Some study on database storage internals
I have been studying and stumbling upon how databases ( Relational & Non-relational ) store data internally. I must agree the topic is really vast, complex & what I managed to learn is probably 0.0000000000001% of internals. In this article I will try to put forward some design internals as well as how databases try to optimise operations to provide magnificent speed, advantages, disadvantages of such designs.
I guess when we talk about database internal storage, many people can imagine B Tree or B+ Tree etc as they might have heard this use case during their college or university life. We will not discuss how these data structures work as there are many articles on how they work, but we will see how they fit into the scenarios and what purpose they serve. Hereon I will refer to both B Tree and B+ Tree as B Tree only.
Traditional relational databases store data in B Tree structures on disk, they also maintain index to these data in B Tree structure mostly in RAM to guarantee faster access to the original data. The row(s) that we insert are stored at the leaf nodes of the B Tree. All intermediate nodes are used to store metadata to navigate CRUD queries through the B Tree. So when millions of rows are there in the database, it’s quite possible that the index & data storage size has grown to a huge level. So for efficiency if you want to load the data from disk to memory, you can’t do that as your RAM is probably running out of space. So your database is compelled to read data from disk. The scenario typically looks like the following:
Disk I/O is very costly, it dominates the database performance. B Tree is a random read/write, in-place replacement, very compact & self balancing data structure which suffers from disk I/O limitation. Random means to access some data on the disk, your disk manager has to move the disk head around the spinning disk, so naturally it’s a costly operation as the disk has to look for data like crazy.
B Tree is designed to store data in block fashion as it’s efficient for Operating Systems to read & write data in blocks instead of writing individual bytes. The MySQL InnoDB database engine has block size of 16 KB. It means every time you read or write data to the database, a block of disk pages of size 16 KB will be fetched from the disk into RAM, it will get manipulated and then written back to disk again if required. B Tree takes advantage of this block oriented operation. Say the average size of a row is 128 bytes ( The actual size may vary ), a disk block ( in this case, a leaf node ) of size 16 KB can store a total of (16 * 1024) / 128 = 128 rows. This is a very rough estimate just to show that a disk block can accommodate bunch of rows together. B Tree is a wide but shallow data structure, typically has height ≤ 10, can contain millions of data in such an arrangement. Due to these natures, B Tree is suitable for databases. As mentioned earlier, leaves of a B Tree reside at the same level, it takes O(logN) steps to search a data in B Tree ordered by primary key.
So read operation is comparatively very fast in B Tree as the operation has to traverse very few nodes and fire very less disk I/O call. Also range queries might perform faster when rows to be fetched or manipulated are found in the same page blocks and the page block is already loaded in memory.
You can make B Tree based database perform faster in following ways also:
- Minimise number of indexes: This is a very common strategy to increase the performance of relational databases as more index means more index updation on every INSERT & UPDATE operation.
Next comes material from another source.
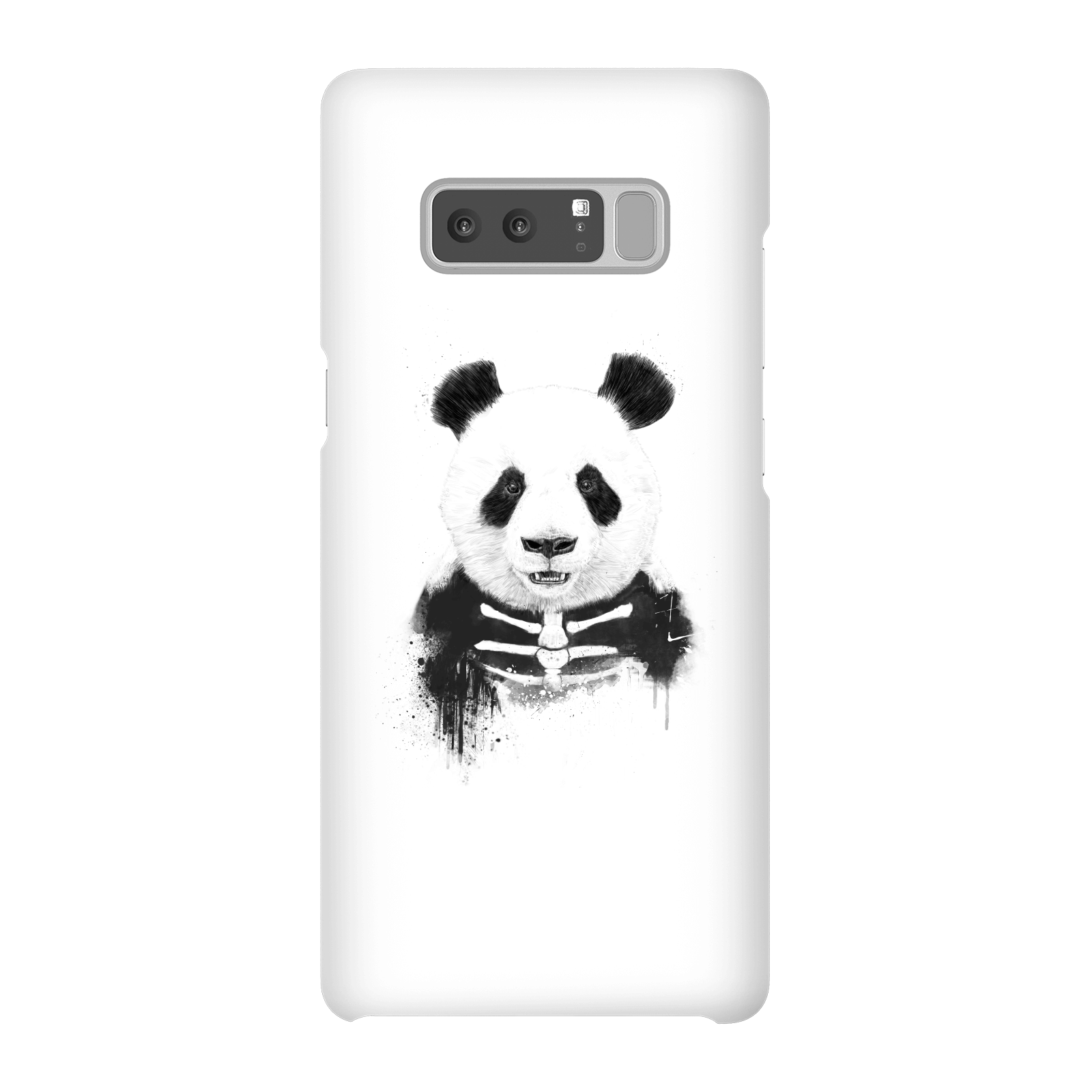 Balazs Solti Skull Panda Phone Case for iPhone and Android - Samsung Note 8 - Snap Case - Gloss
When the database grows older, delete old & probably unused indexes, hesitate to create indexes when your database crumble. Though you should be extra careful as less index means less select query performance. You might have to pay the penalty if you have less index or very heavy index.
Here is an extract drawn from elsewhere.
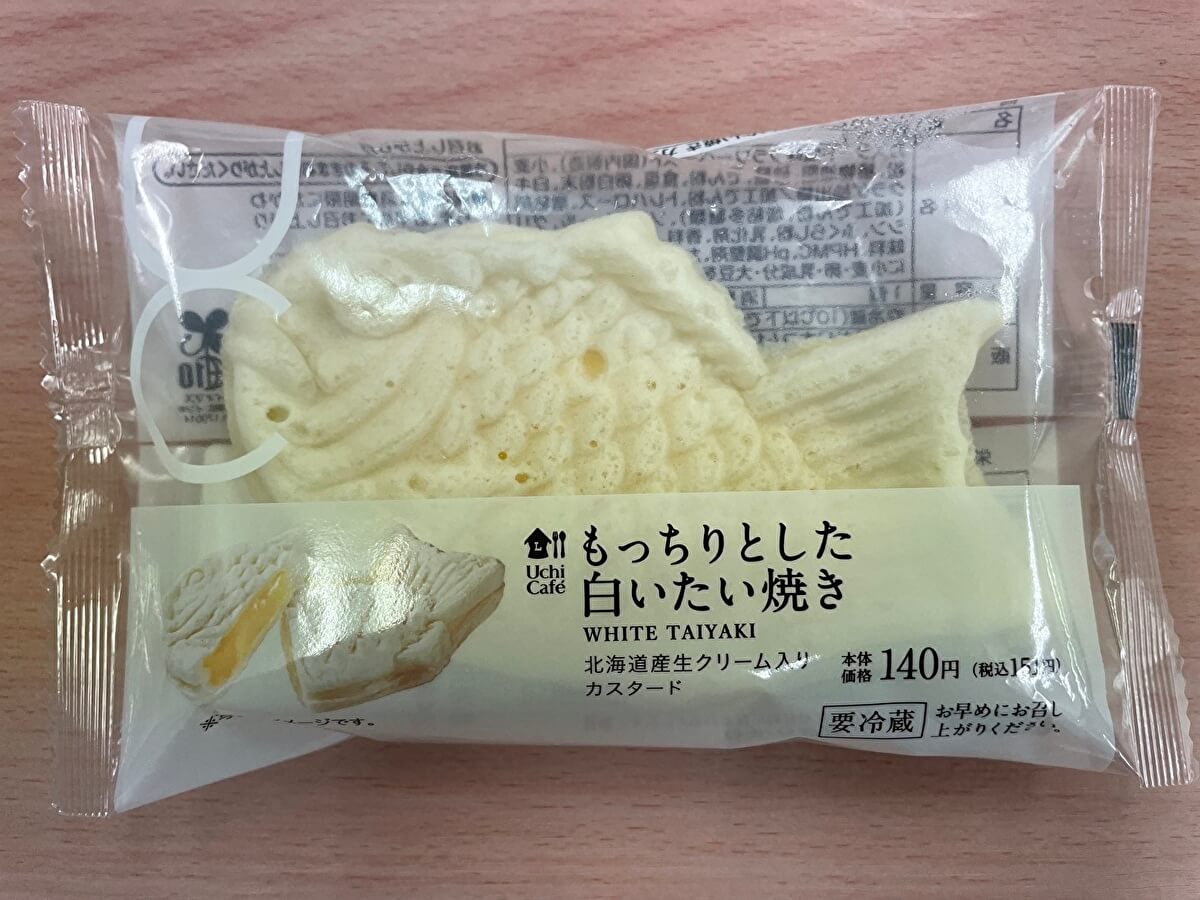 ローソン「もっちりとした白いたい焼き カスタード」の画像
- Sequential Insert: If you can manage to insert a lot of data together in sequential order where the primary key of the rows are sequential, then the insert operation will be faster as already the page blocks is there in memory, so possibly all the insertions will be applied in the same page blocks and then committed to database at once in a single disk I/O. A lot depends on database here though, but I assume, modern databases are designed to apply such optimizations when required.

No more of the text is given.